Data for review:

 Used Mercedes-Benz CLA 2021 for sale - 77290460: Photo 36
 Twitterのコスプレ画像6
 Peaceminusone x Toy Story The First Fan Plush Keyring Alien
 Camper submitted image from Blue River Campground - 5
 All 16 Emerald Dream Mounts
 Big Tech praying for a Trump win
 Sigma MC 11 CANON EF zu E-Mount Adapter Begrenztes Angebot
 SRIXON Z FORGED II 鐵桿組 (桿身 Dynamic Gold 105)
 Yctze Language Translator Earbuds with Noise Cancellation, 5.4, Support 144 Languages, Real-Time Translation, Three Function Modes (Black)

==

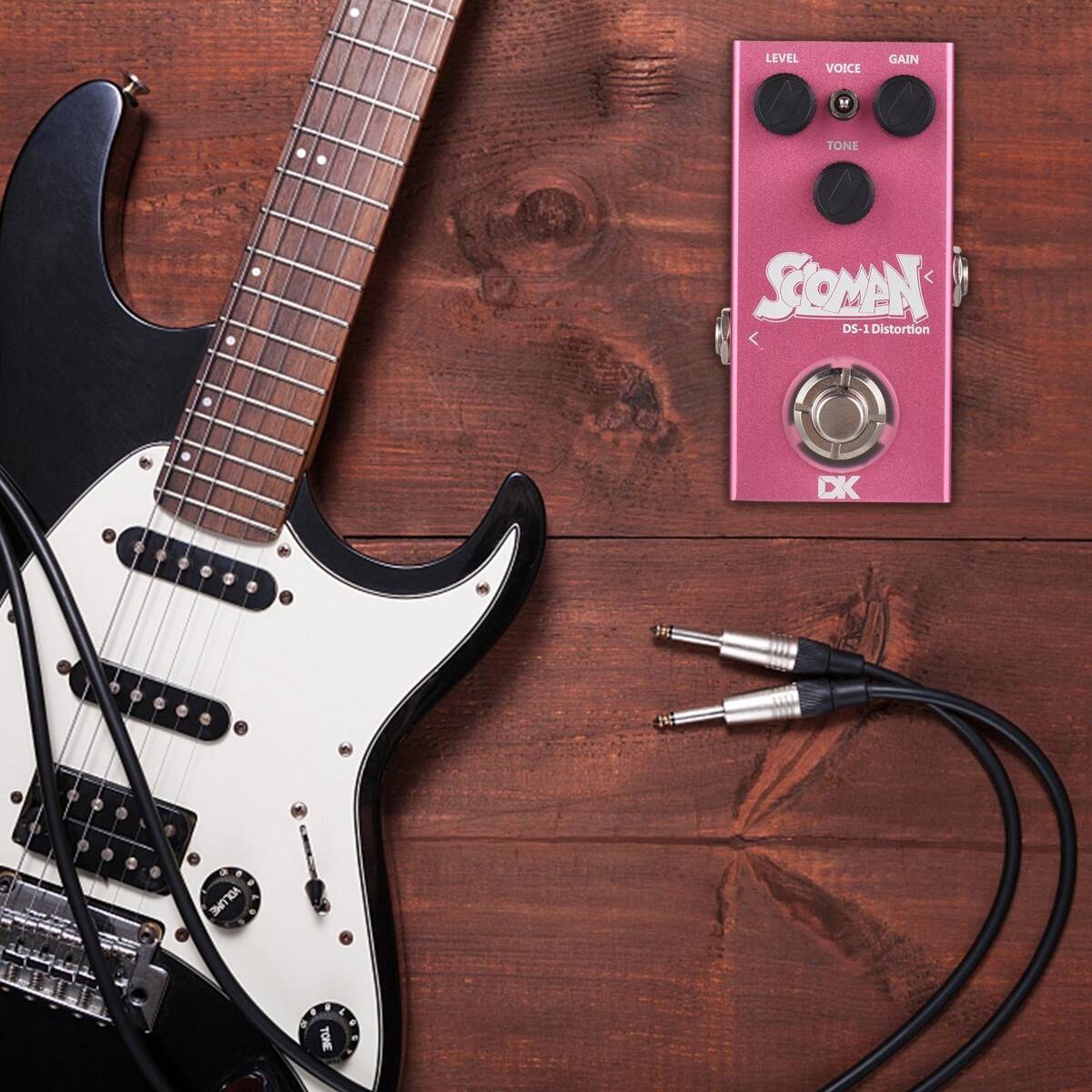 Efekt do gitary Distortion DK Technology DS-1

Required work: Copy range, inclusive: the line holding "Used Mercedes-Benz CLA" to the line holding "Yctze Language Translator". Reproduce exactly those lines of the records above and no others.

Response box:
 Used Mercedes-Benz CLA 2021 for sale - 77290460: Photo 36
 Twitterのコスプレ画像6
 Peaceminusone x Toy Story The First Fan Plush Keyring Alien
 Camper submitted image from Blue River Campground - 5
 All 16 Emerald Dream Mounts
 Big Tech praying for a Trump win
 Sigma MC 11 CANON EF zu E-Mount Adapter Begrenztes Angebot
 SRIXON Z FORGED II 鐵桿組 (桿身 Dynamic Gold 105)
 Yctze Language Translator Earbuds with Noise Cancellation, 5.4, Support 144 Languages, Real-Time Translation, Three Function Modes (Black)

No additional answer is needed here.